An engineer built a “horrendously dangerous” electro-magnetic cannon as part of an experiment to discover whether trillions of mirrors could be sent into space to protect the Earth from global warming.

Tod Todeschini assembled the four-metre long gun in the back garden of his quiet Standlake home to test an American professor’s radical theory that a 100,000 square mile sun shade could be created in space and used to deflect sun rays.

The aim would be to halt climate change.

Mr Todeschini, usually known for making medieval weapons, believed the idea was “do-able”.

The sunshade concept, developed by astronomer Prof Roger Angel, is based on the idea of creating a one kilometre gun powered by hefty electro magnets.

Prof Angel believed a bigger gun could be built to deliver 800,000 mirrors into space every five minutes.

The mirrors would link up in space to deflect the sun’s rays.

Mr Todeschini was commissioned to produce a scaled down, but highly-powered prototype of the weapon, which wielded enough power to boil 44,000 kettles.

It also packed enough punch to shoot an object from zero to 100 mph over a space of just two inches.

It took Mr Todeschini five weeks to construct the weapon, which will be shown in action in a TV documentary at the weekend.

However, its devastating power meant it had to be decommissioned for safety reasons as soon as filming finished.

The weapon, which weighed half a tonne, was fired about 20 times over three days of filming in December 2007.

After the test-firing on a farm in Besselsleigh, it was shipped off to the United States to fire mirrors in a desert next to Lost Dutchman’s Mountain, in Phoenix, Arizona.

Mr Todeschini admitted he did not enjoy taking his life in his hands when working with the cannon.

He said: “The gun was horrendously dangerous. This was the first gun I’d ever built.

“I knew I could put it together safely but at the end of it all I didn’t know what I was going to get.

“It was immensely dangerous.

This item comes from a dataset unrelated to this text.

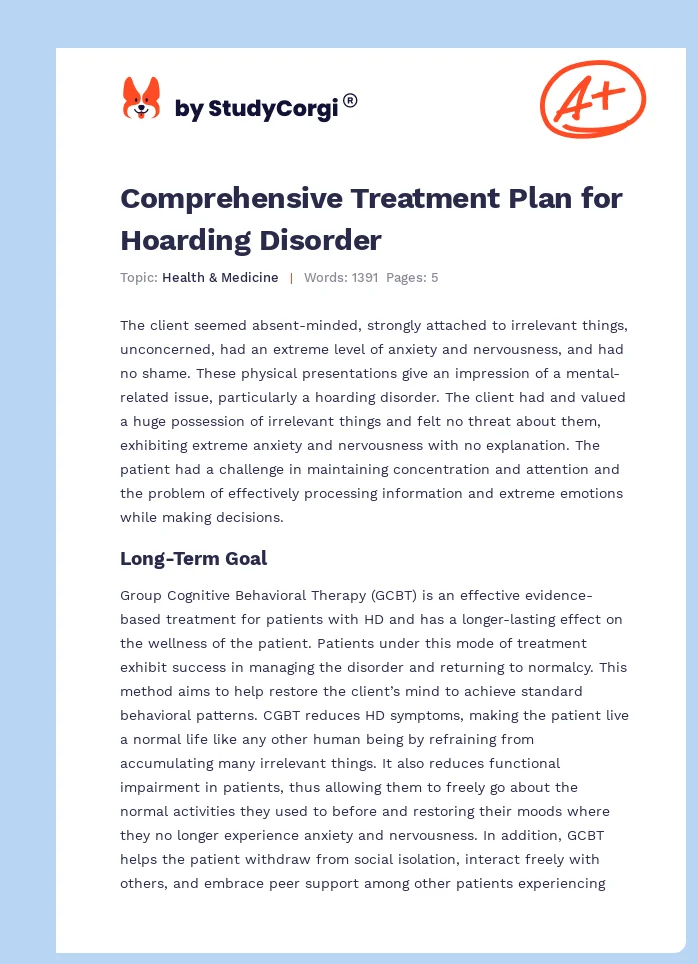 Comprehensive Treatment Plan for Hoarding Disorder. Page 1
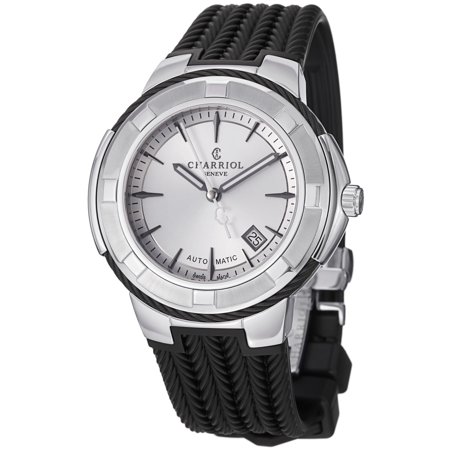 UPC 794504155549 product image for Men's CE443AB.173.003 'Celtica' Silver Dial Black Rubber Strap Watch | upcitemdb.com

I was attempting to build a gun to produce 1,500 g of force but it ended up creating about 10,000 g and we had to turn the power down.

“The main danger was electrocution.

“If you were working with normal levels of electricity you could get a shock and be fine, but if you got a shock off this you would be dead – no question.”

It was a case of being transported from the Middle Ages to the space age for Mr Todeschini, whose main job is making medieval crossbows, swords and axes.However, the TV engineer, who has worked on Channel Four show Scrapheap Challenge, is used to building unusual contraptions in short time frames.

Mr Todeschini said: “I think putting the mirrors in space is do-able if enough money is thrown at it.

“The guns needed to fire the mirrors would be much smaller than the Large Hadron Collider so it shows that these kind of projects are possible.”

Viewers will be able to see Mr Todeschini’s gun in action when Ways to Save the Planet airs on the Discovery Channel on Sunday at 7pm.